The earth’s trembling will wake you.
You will look for a place to hide.
There will be nothing beneath the dingy sky, a sky like a level, opaque ceiling of reverberating stone. There will be nothing but the plain before you and the river behind you and the jungle on the other side of the river and on the plain the herd of gigantic hairy quadrupeds making the earth ring with their hooves and scattering in every direction the troops of panicked reindeer that will abandon the field to the aurochs until the earth grows still and it is dark and the plain sleeps.
This time the incessant scrabbling of the ugly small creature with the pointed nose will wake you as it pokes into the ground rooting out and devouring all the crawling, wiggling little things it can cram into its mouse-spider snout. Its shriek is nearly inaudible, but it is joined by many just like it, until there is a sea of milling, restless, dissatisfied shrews, prophets of a new trembling that will shake the plain.
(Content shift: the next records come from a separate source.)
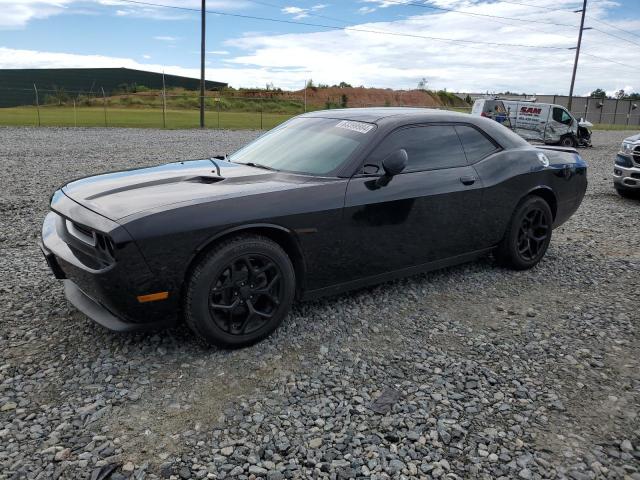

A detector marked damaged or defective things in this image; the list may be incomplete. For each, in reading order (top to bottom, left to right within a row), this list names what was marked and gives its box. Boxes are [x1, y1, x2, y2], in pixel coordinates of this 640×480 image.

damaged vehicle [41, 108, 592, 348]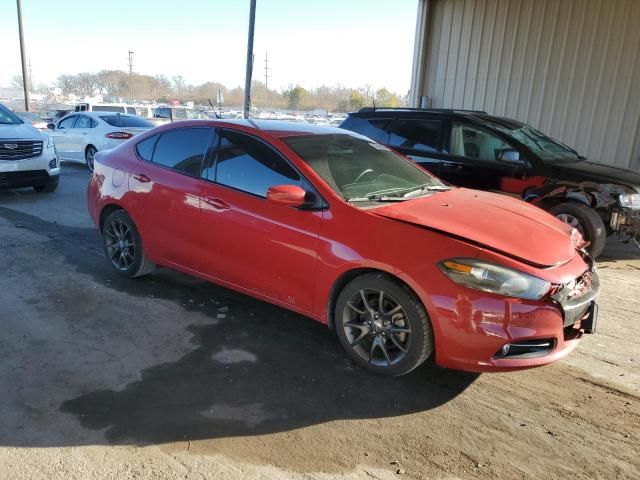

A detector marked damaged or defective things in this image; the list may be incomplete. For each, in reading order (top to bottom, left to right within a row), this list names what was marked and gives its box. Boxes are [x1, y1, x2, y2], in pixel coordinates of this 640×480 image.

crumpled hood [0, 122, 44, 141]
crumpled hood [372, 188, 576, 268]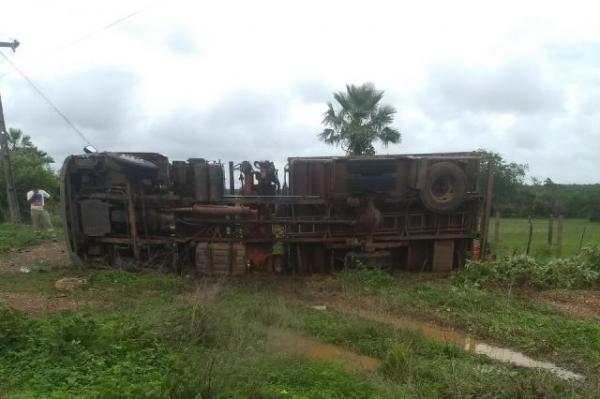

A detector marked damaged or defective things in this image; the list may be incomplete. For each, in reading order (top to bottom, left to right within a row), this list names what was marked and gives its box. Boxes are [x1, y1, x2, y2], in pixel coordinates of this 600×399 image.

overturned truck [61, 152, 482, 276]
rusty vehicle undercarriage [61, 152, 482, 276]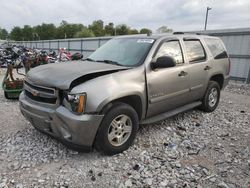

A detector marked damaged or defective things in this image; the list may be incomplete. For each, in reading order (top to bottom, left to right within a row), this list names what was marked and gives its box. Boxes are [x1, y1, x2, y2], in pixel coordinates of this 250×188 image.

crumpled hood [26, 60, 128, 89]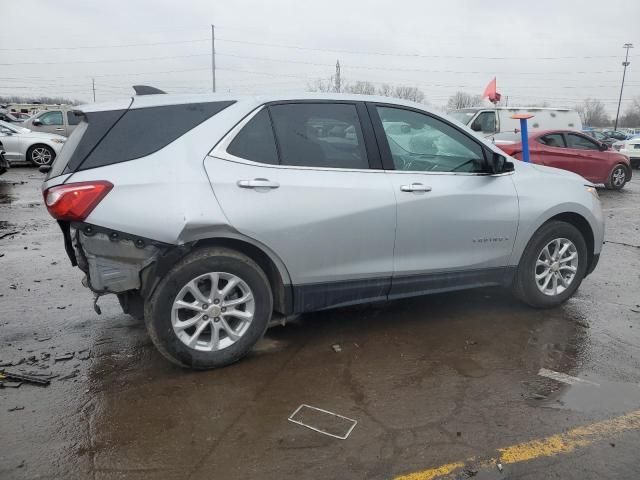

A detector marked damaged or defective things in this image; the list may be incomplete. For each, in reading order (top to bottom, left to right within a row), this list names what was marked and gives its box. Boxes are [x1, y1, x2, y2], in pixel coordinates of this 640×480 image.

broken bumper cover [67, 223, 166, 294]
exposed wheel well [189, 237, 292, 316]
exposed wheel well [544, 214, 596, 274]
Perhaps the shrews will hi
de and the reindeer will return, tranquil now, first displaying themselves, circling on the plain but marking it out into spaces, which other antlered hordes approach only to be aggressively chased off by the lord of that piece of earth. A ferocious battle will take place between the proprietary deer and those disputing its territory. You, hidden, invisible and unimportant to them, will watch that combat of bloodied antlers and penises engorged in the frenzy of combat until one animal establishes itself as master of that space and expels the bleeding vanquished, and in every neighboring space only the beast with the greatest rack and the greatest penis will take possession of the field where now, tame and indifferent, the females of the herd will come to graze and be mounted by the triumphant deer, never lifting their heads or interrupting their grazing, the males puffing and snorting like the accursed heavens that will damn them to eternal combat in order to enjoy this instant, the females silent to the end …
And at the end, you alone in the following darkness, crying out alone, as if the antlered herd and their females were still occupying the plain as solitary as you, fem, will be, sensing that you will have to flee from this place, go far away from here, obscurely fearful that an enormous antlered beast will surprise you calmly eating plants by the riverbank and will be confused by your strange scent and your red mane and your four-footed, loping gait …
Suns later … You will stop and look at the sea. You will not know what to do now. You will feel yourself and find your body sticky, smeared from head to toes with the same viscous substance that will be coated on your face and on hands that will not clean you because they will be coated too and your head will be a tangled, filthy nest, and a thick paste will dribble down into your eyes and blind you. You will wish and not wish to see.